Private notes are visible for users when the option isn't activated
|Status:||Needs feedback||Start date:|
|Category:||Permissions and roles|
We have created users where the options "view private notes" (view_private_notes) is unchecked on the roles page.
When the user logs in he can see the private notes...
Can't find an issue regarding this problem, so I've created this one :)
This are the issue tracking settings:
The role setting regarding issues is:
role[issues_visibility] : default (all non private issues)
This is the used configuration:
Environment: Redmine version 4.2.1.stable Ruby version 2.7.4-p191 (2021-07-07) [x86_64-linux] Rails version 5.2.5 Environment production Database adapter Mysql2 Mailer queue ActiveJob::QueueAdapters::AsyncAdapter Mailer delivery smtp SCM: Subversion 1.10.4 Mercurial 4.8.2 Bazaar 2.8.0 Git 2.20.1 Filesystem Redmine plugins: issue_recurring 1.6
I hope this is all the info that is needed to solve to problem.

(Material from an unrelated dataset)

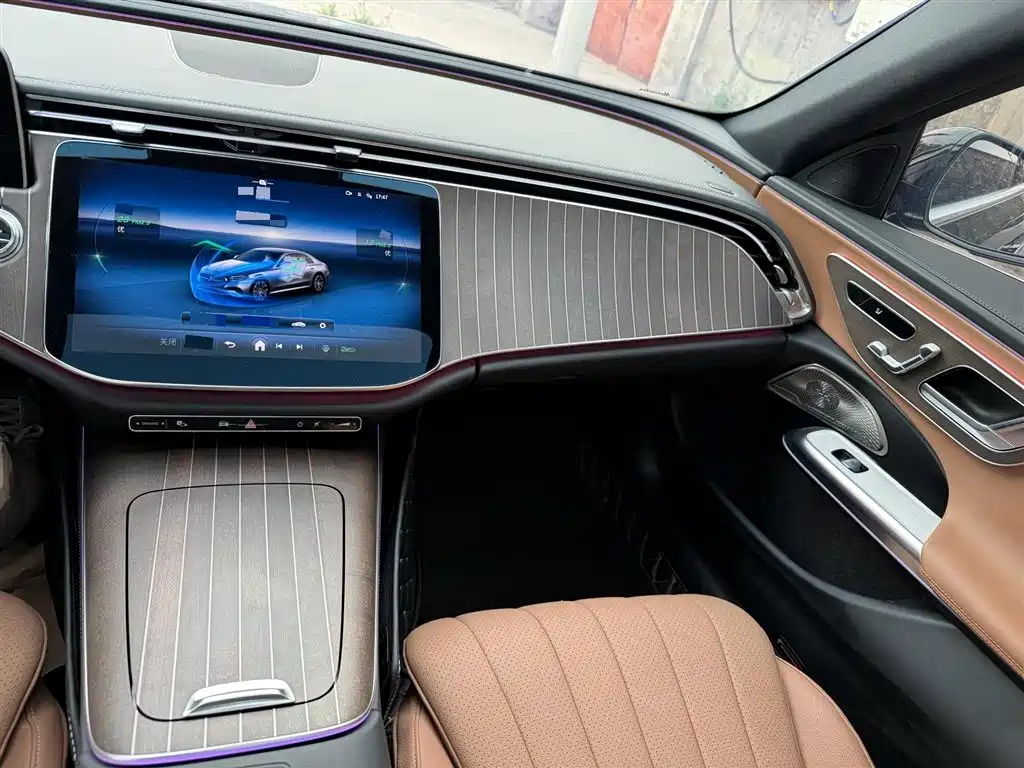Mercedes-Benz E-Class 2024 — фото 11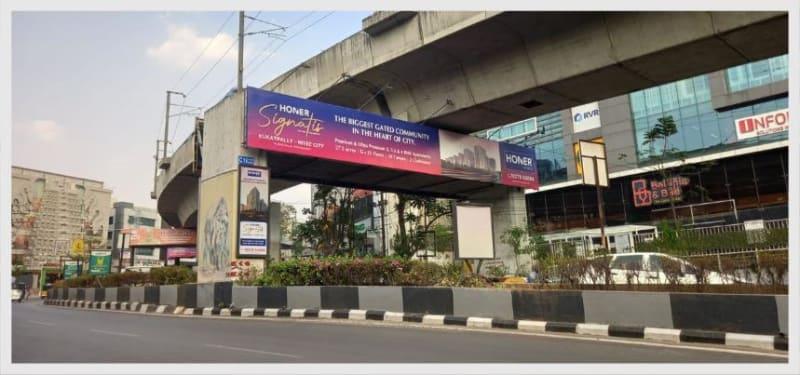HYD-PRTLS-032 - Metro Portals - Jubilee hills road no.36 facing madhapur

In case there are questions, let me know :)
Thanks so far!
#1 Updated by Holger Just 3 months ago
- Status changed from New to Needs feedback
Users can have multiple roles in a project. If any of those roles allows the user to see private notes, they can see them in the project.
In addition to that, a user is always able to see their own notes, even if the note is private and they are not allowed to see private notes in general.
Please verify this. If you still find this to be an issue, please describe your setup with more details which would allow us to recreate what you see based on an empty/new Redmine installation.
Took me some time to give a reaction...
The affected user has access to multiple projects, access is set using the a specific group.
Projects that are connected all have the same rol (external user).
The "external user" role isn't allowed to view, add or edit private notes. It is the same with the issue, the user can't change it into private.